Am 14.11.2019 um 18:03 schrieb Roberto José Etcheverry Romero <yggdrasil.raiker@xxxxxxxxx>:

When a customer's ASP is more than 60% IFS, with PDFs, JPEGs and etc numbering into the double digit million files, backup becomes pretty pretty slow.

Good point but this is also true for other platforms. Doing file-level backups with a real lot of (small) files is inherently slow. NFS is just a layer above local filesystems on other machines, so this problem is moved but not really solved.

Besides, why have a 20 core machine with only 3 licensed for i and waste some of those i cores on IFS when you could have a fileserver on the same machine?

Good point. I doubt that IFS does great strain on CPU but on IOPs, though.

That is the premise I start this question from.

Thanks for supplying this important information.

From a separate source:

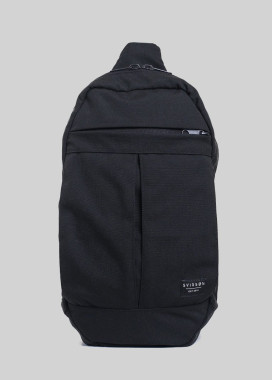 Рюкзак Orb Slingbag Black Изображение Рюкзак Orb Slingbag Black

I've been getting the customer to splice the folders by year/month/branch or whatever criteria helps to avoid having so many files in a single folder (and to allow saves to NOT save the entire IFS daily but only the current in-use folder).

Thousands of files in a single hierarchy? While this might work perfectly on QSYS.LIB, it's a very very bad idea in anything else I know of. Linux, Windows, other Unices and some greatly outdated and mostly forgotten stuff. And IFS, which is functionally derived from UNIX filesystems. So yes, creating a hierarchy to limit files in one folder to some 100's greatly helps. Mo matter which platform.

Other tips?

Depends on the exact backup strategy, which shall be dictated by the allowable time frame to do a full restore from backup media. If you elaborate on that, maybe there are tips. :-) (I'm very keen to let people know why they should do backups properly: Not for having a better sleep because they know they have backups. But to have a fast and easy way to bring the data back in case of a horrible failure. Fast and easy because when such things happen, stress level is already high and I'd be not in the mood to think about how exactly I am supposed to get the data back onto a replacement system. It must be really easy and foolproof at it's best.)